Du bas jusqu’au haut de la pyramide
Qu’est-ce que l’histoire orale et quelle est son importance ? Dr Maria Abou Nasr, spécialiste dans ce domaine et conseillère du projet, explique : « L’histoire orale est l’un des terrains d’étude qui englobe l’enregistrement des termes utilisés par les gens qui ont vécu une période donnée et qui leur ont permis de conserver leurs souvenirs et de les interpréter ». Pour elle, le fait de dire qu’il s’agit d’un terrain d’étude signifie qu’il y a plusieurs approches. Cela permet de raconter l’histoire à partir de la base vers le sommet de la pyramide, au lieu du processus contraire. En d’autres termes, il y a, grâce à ce procédé, l’histoire racontée par les gens et celle racontée par les gens au pouvoir. De même, ce procédé permet de raconter les versions vécues par ceux dont on ne tient généralement pas compte dans les versions officielles de « l’histoire ».

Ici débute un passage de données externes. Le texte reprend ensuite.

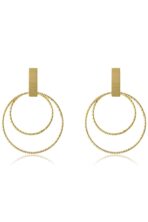 Brinco Com Fio Grosso E Dois Círculos Banhado Em Ouro 18k [F027] - Image 3
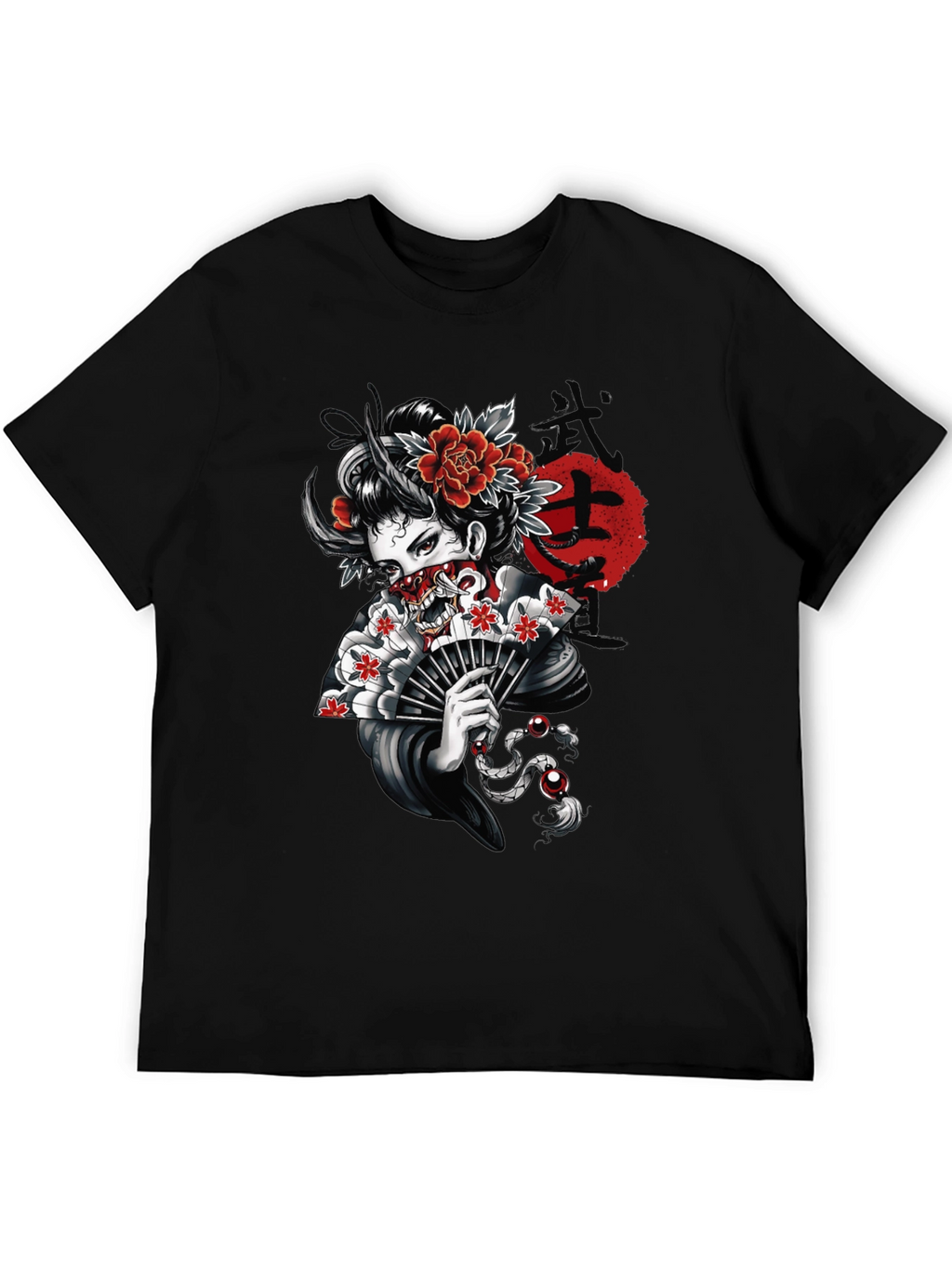 Geisha Oni Mask T-Shirt - Japanese Art Tee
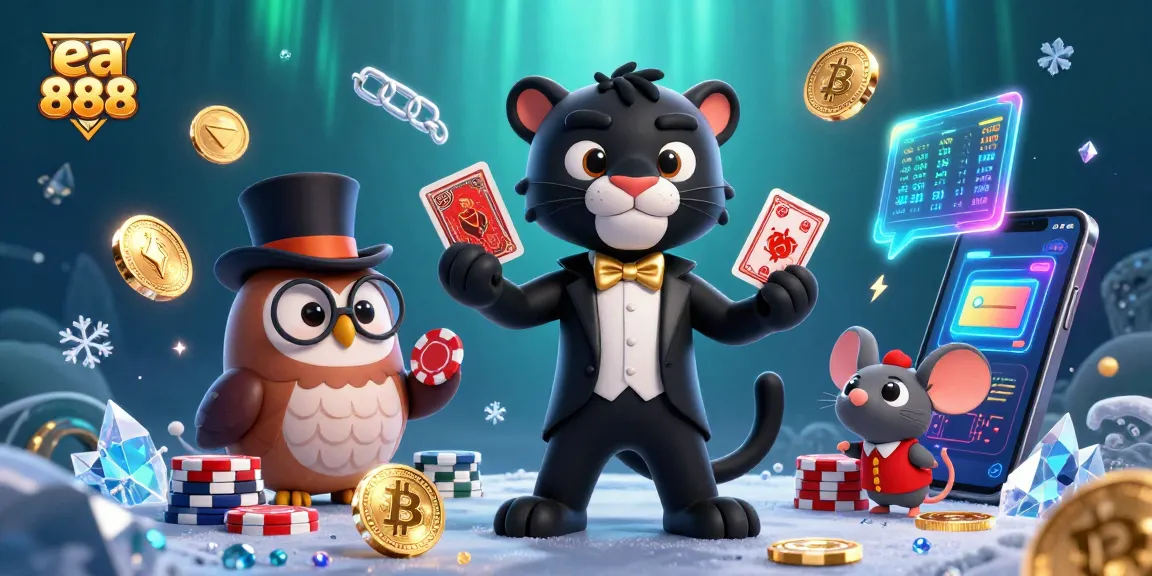Experience thrilling gambling action with ea 888 featuring a stylish panther dealer and vibrant crypto elements.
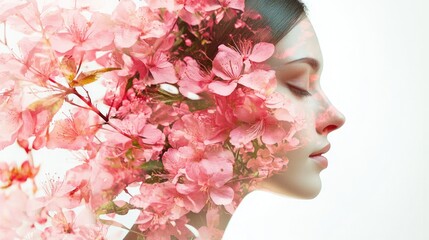 Wall Mural - Double Exposure Portrait of Serene Woman with Delicate Pink Flowers Blending in Artistic Floral Composition on Soft White Background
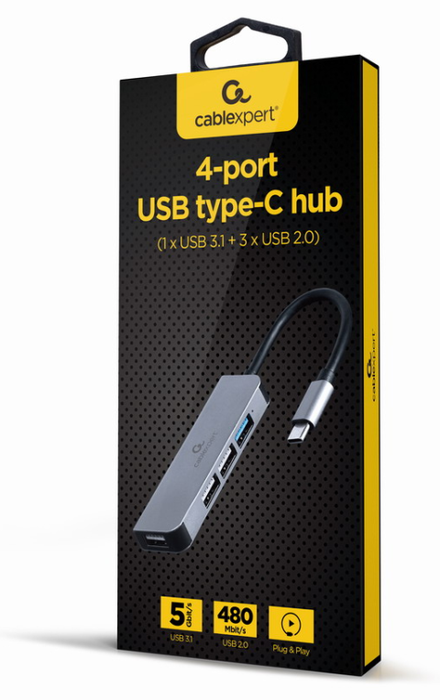 GEMBIRD Adaptador 4 en 1 USB Type-C con 1x USB 3.1 y 3x USB 2.0 - Plata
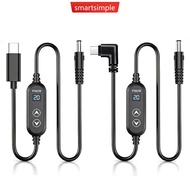 SMARTSIMPLE Universal 65W Type C To DC PD Adapter Cable with Adapter Adjustable 5V 9V 12V 15V 20V Bo
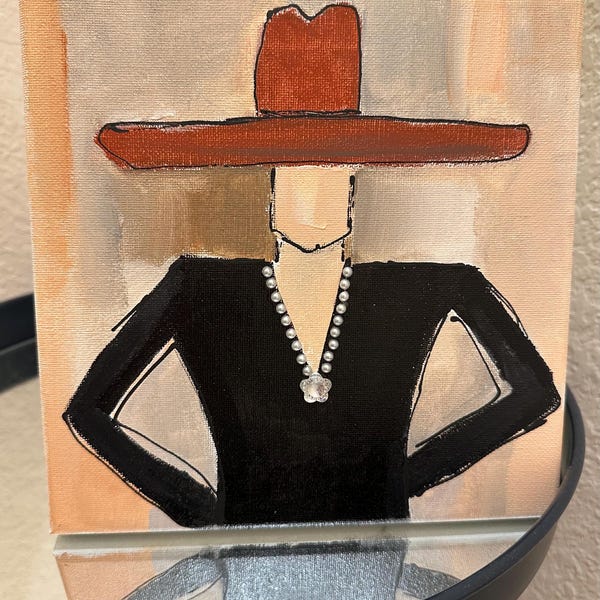 Abstract Cowgirl Painting: Western Art on 8x8 Canvas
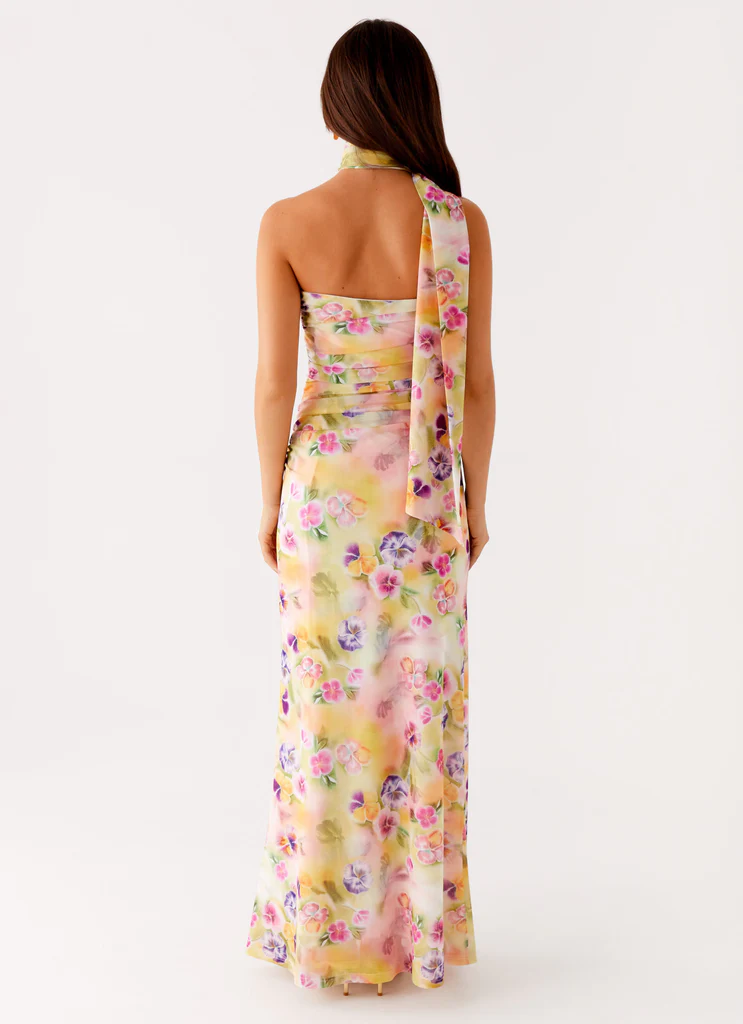 Dreamy Pansy Floral Print Sheath Strapless Asymmetrical Neck Floor Length Prom Dress
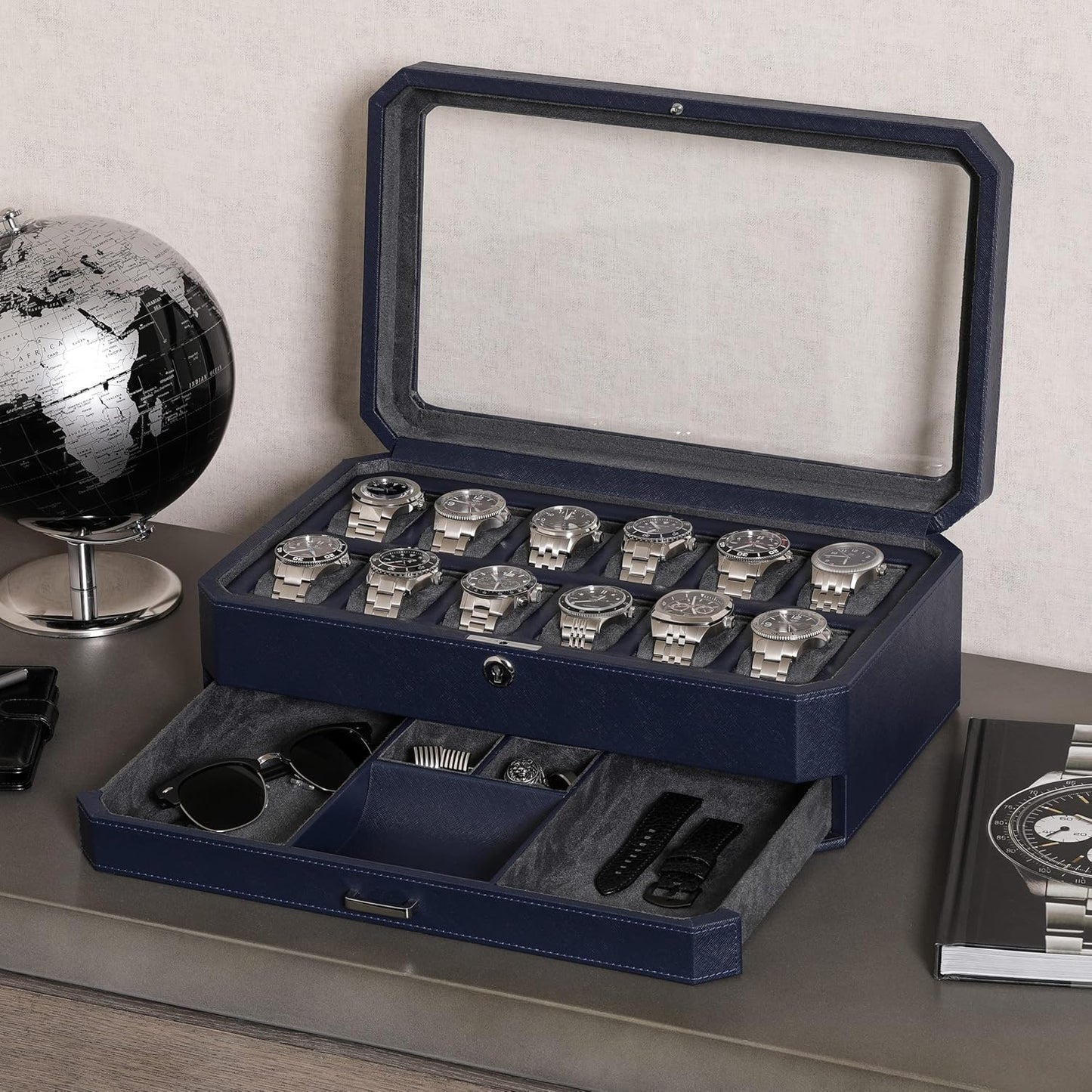 ROTHWELL Luxury Watch Box for 12 Watches – PU Leather Watch Box with Real Glass Lid – Slide out Accessory Drawer with Multiple Compartments (Carbon)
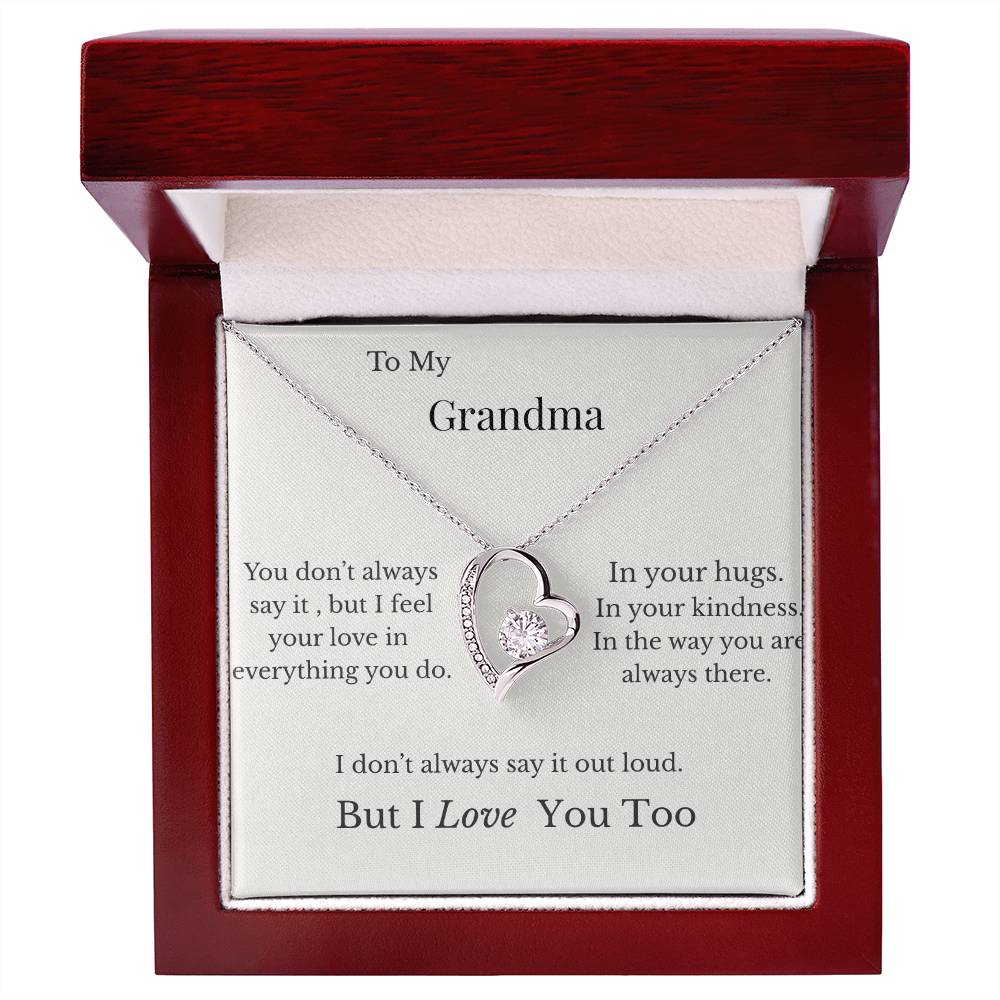 Personalized To My Grandma Heart Necklace with Love Message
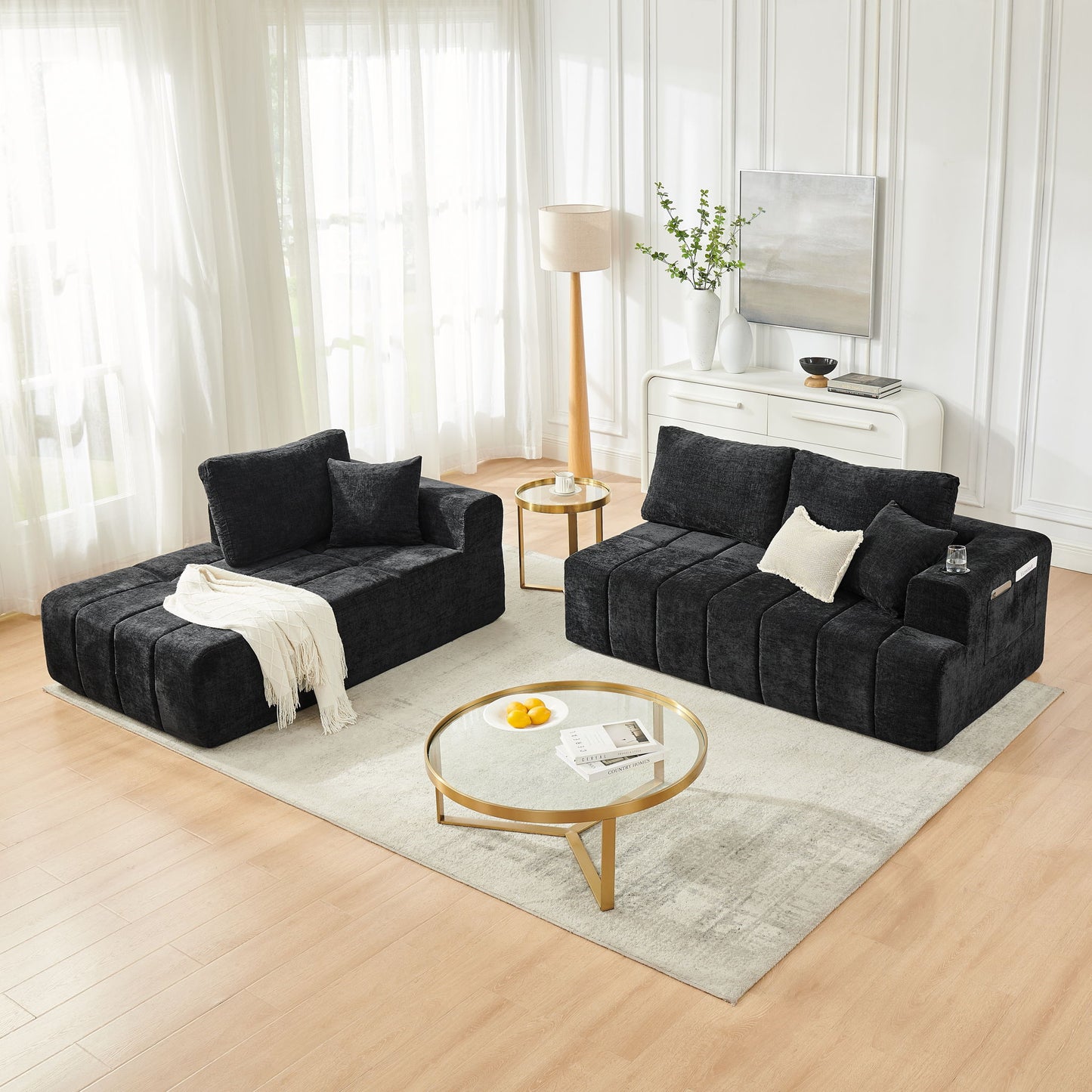 L - Shaped Sectional Sofa With Cup Holders & Side Pockets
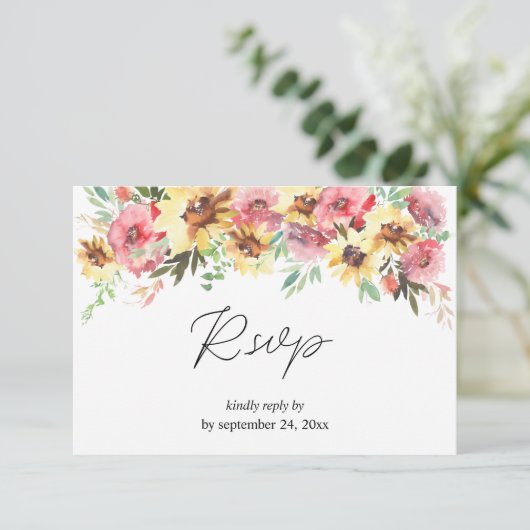 Zonnebloem, zomerbloem met gemiddelde RSVP-kaart RSVP Kaartje (Staand voorkant)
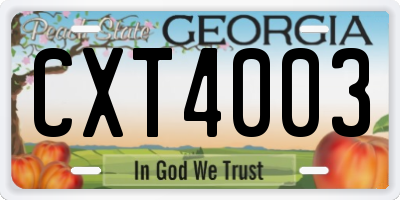 GA license plate CXT4003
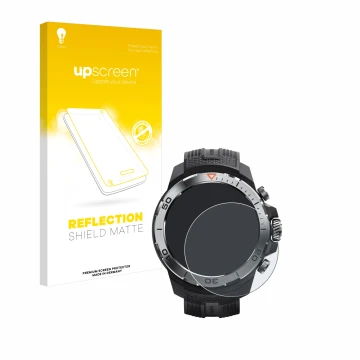 Face avant d’un emballage produit avec le logo de la marque upscreen. À côté, l’appareil Xiaomi Mibro GS Explorer est représen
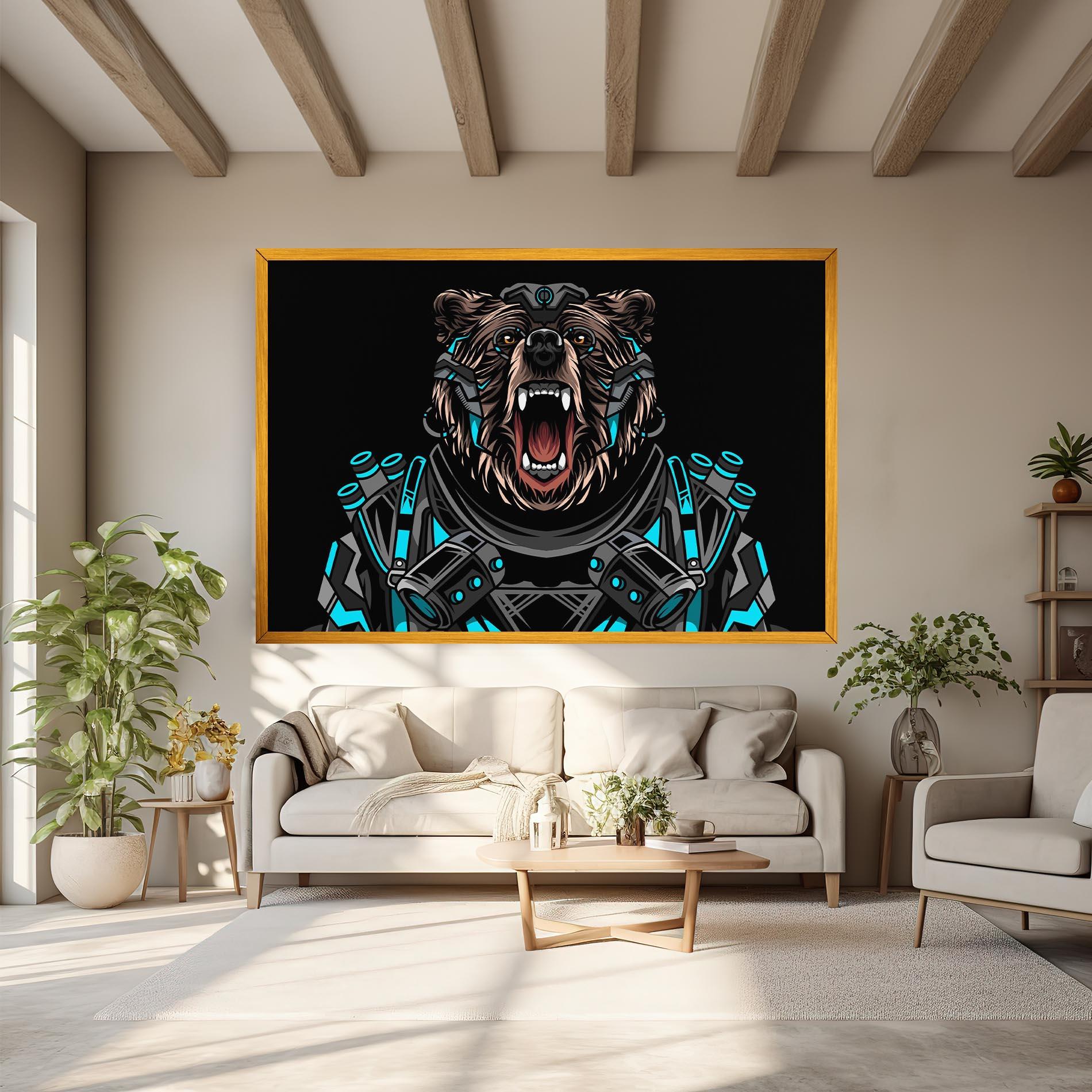 Tablou Canvas Black Cyborg Bear mockup 6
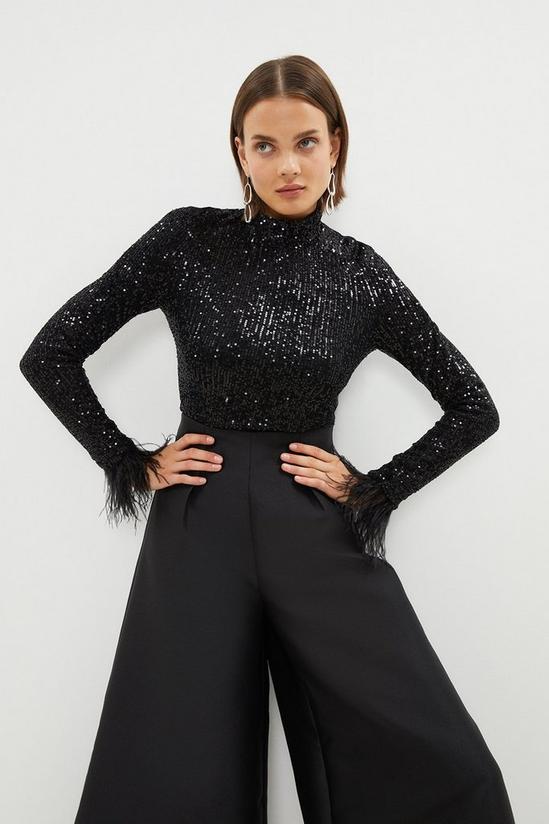Coast High Neck Sequin Top With Feather Cuff 1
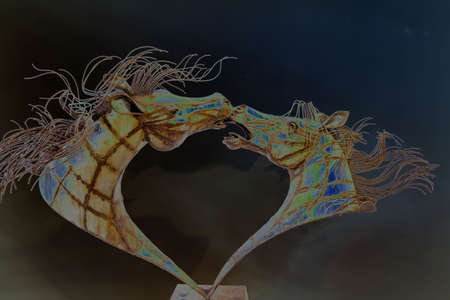 Zebra motion picture made of iron in love with oil paintingの写真素材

Elle évoque ensuite la logistique de la réalisation du projet, en précisant que les enseignants se sont familiarisés avec l’histoire orale à travers 4 ateliers de travail pour pouvoir pousser les élèves à rassembler des histoires orales dans les sociétés locales.
Selon une des participantes à ces ateliers de travail, l’importance de ce projet est qu’il met l’accent sur les expériences personnelles des habitants d’une région, loin des considérations et des interventions politiques. Les gens racontent comment ils ont vécu certains événements qui se sont produits à une époque précise. Elle affirme que le lancement et l’ouverture de l’exposition finale aura lieu « en présence des élèves, des équipes administratives et éducatives, des habitants qui ont été interrogés et des représentants de la société civile pour que nous puissions tous faire connaissance avec notre histoire sociale ». Elle ajoute aussi que grâce à ce projet, « nous avons pu faire l’expérience de nouvelles méthodes d’enseignement de cette matière, de façon interactive, en faisant passer l’élève de celui qui reçoit l’information à celui qui contribue à son élaboration ».
De la sorte, l’histoire orale permet en pratique de rapprocher les distances entre les générations montantes et celles qui les ont précédées. C’est une nouvelle méthode d’enseignement souple et en même temps attrayante qui permet aux jeunes de découvrir que quelles que soient les versions, la tragédie, les souffrances et la peur sont les mêmes pour tous les habitants en période de guerre et de conflits violents. L’histoire orale rejoint en quelque sorte le fameux slogan qui a été lancé pour commémorer le 13 avril : « Se souvenir pour que cela ne se reproduise pas ».